Stored data: Begin

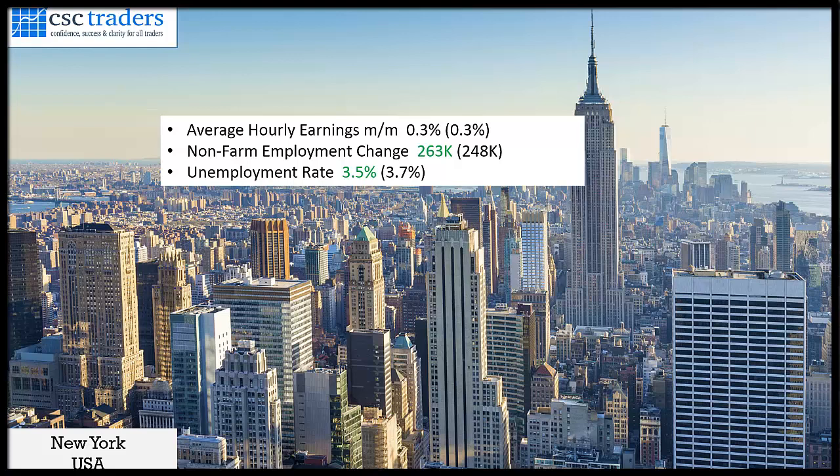263,000 new jobs were created, better than forecasted, and unemployment went down to 3.5%, better than the forecasted 3.7%. Overall it was a good sign for the US dollar, with the US dollar making ground against all the majors.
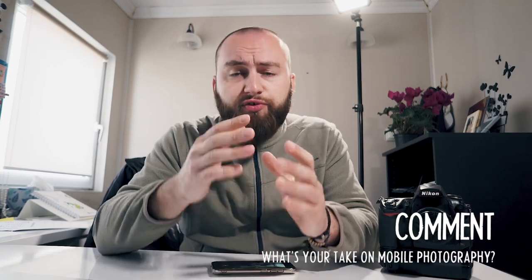Thank you guys for watching. I hope that was an insightful video. If you agree or disagree with me, feel free to leave a comment below. Thanks for sticking around — I'm going to see you guys next week.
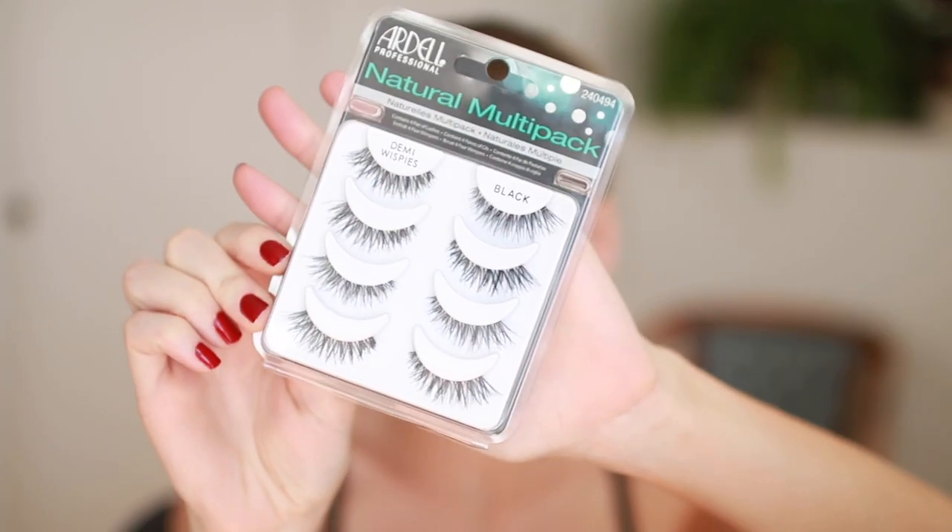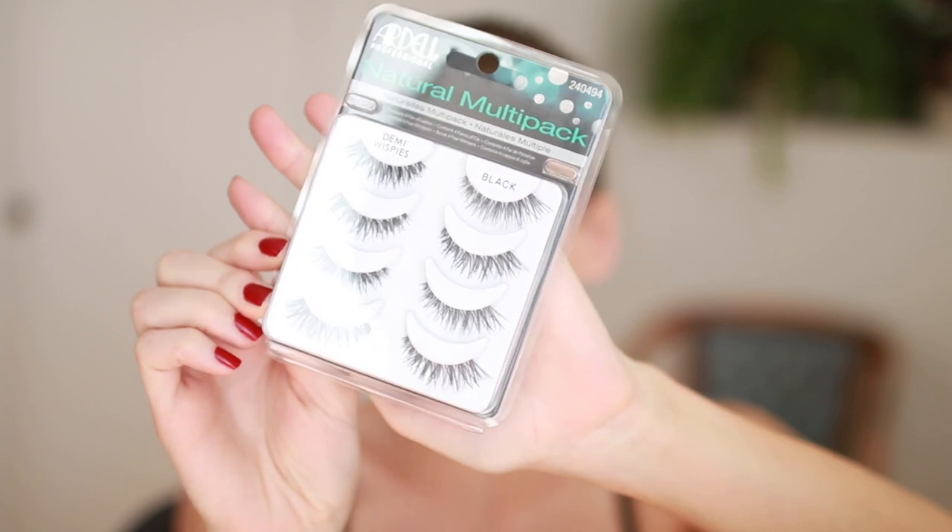My next monthly favorite is kind of boring — you've heard this before — but if I'm being honest about my true favorite products that I've truly been using and loving through the month, I can't leave out the Ardell DemiWispies. I like to get these from Amazon in multi-packs because I use them so often. I'm wearing them today — it's my go-to eyelash. If you haven't tried them yet, go buy them.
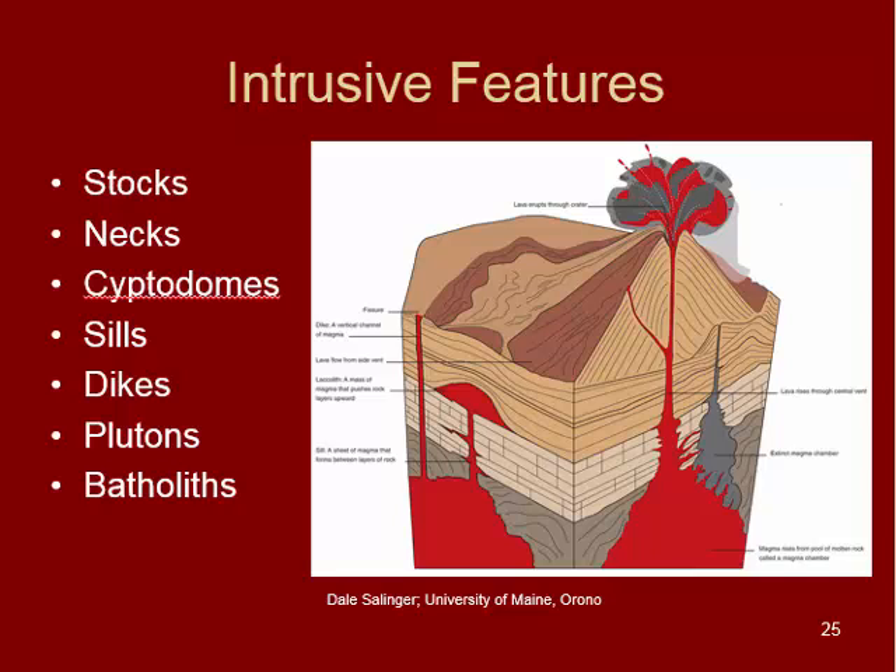In this video we're going to discuss intrusive features. These are features where the magma never actually reached the surface — it ended up cooling beneath the surface in a variety of different ways and shapes. All intrusive igneous rocks are coarse-grained because they cooled inside the earth, insulated by the surrounding rocks. You can see in this diagram some of them are pretty large, like batholiths, and some are pretty small, like the dikes and sills shown as little red stripes.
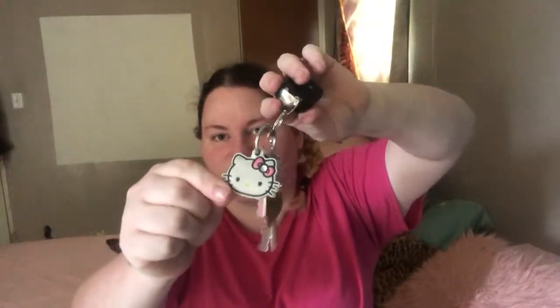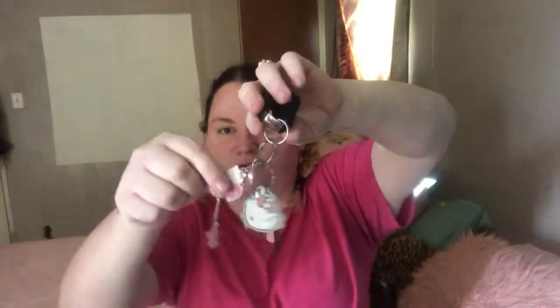I keep my keys in there. I have a Hello Kitty keychain. One of these fell off, but I still have it. And then my mailbox key, my house key — I don't keep much on that because I don't want my key fob to break. And then I also keep my work keys. I switched out the lanyard to this one because the other one was nasty and boyish looking, so I switched that out.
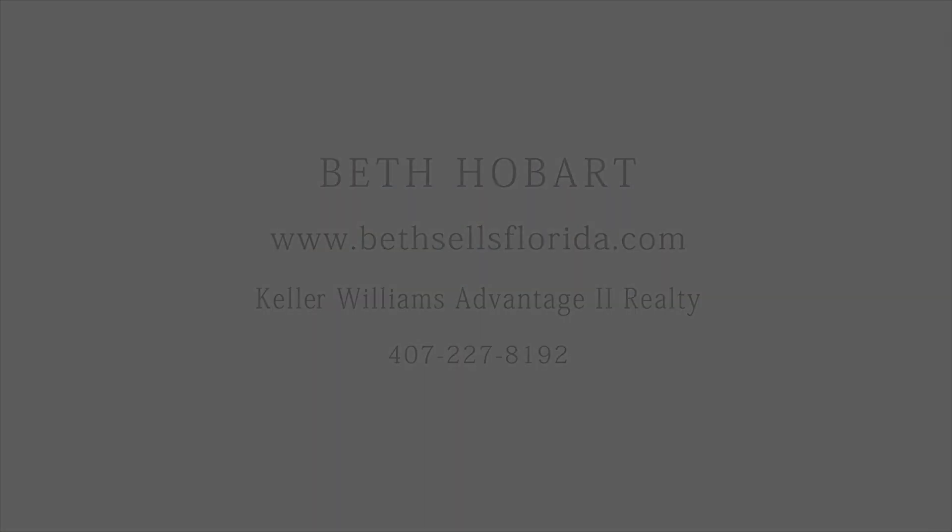For more information on this listing and other listings that I have, please feel free to contact me. My name is Beth Hobart, I'm one of the top realtors in Florida, and I'm here to help.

Stored data: End

Task goal: Full copy, no pictures: write out each line of the data exactly as it stands.

Answer to this problem:
263,000 new jobs were created, better than forecasted, and unemployment went down to 3.5%, better than the forecasted 3.7%. Overall it was a good sign for the US dollar, with the US dollar making ground against all the majors.
Thank you guys for watching. I hope that was an insightful video. If you agree or disagree with me, feel free to leave a comment below. Thanks for sticking around — I'm going to see you guys next week.
My next monthly favorite is kind of boring — you've heard this before — but if I'm being honest about my true favorite products that I've truly been using and loving through the month, I can't leave out the Ardell DemiWispies. I like to get these from Amazon in multi-packs because I use them so often. I'm wearing them today — it's my go-to eyelash. If you haven't tried them yet, go buy them.
In this video we're going to discuss intrusive features. These are features where the magma never actually reached the surface — it ended up cooling beneath the surface in a variety of different ways and shapes. All intrusive igneous rocks are coarse-grained because they cooled inside the earth, insulated by the surrounding rocks. You can see in this diagram some of them are pretty large, like batholiths, and some are pretty small, like the dikes and sills shown as little red stripes.
I keep my keys in there. I have a Hello Kitty keychain. One of these fell off, but I still have it. And then my mailbox key, my house key — I don't keep much on that because I don't want my key fob to break. And then I also keep my work keys. I switched out the lanyard to this one because the other one was nasty and boyish looking, so I switched that out.
For more information on this listing and other listings that I have, please feel free to contact me. My name is Beth Hobart, I'm one of the top realtors in Florida, and I'm here to help.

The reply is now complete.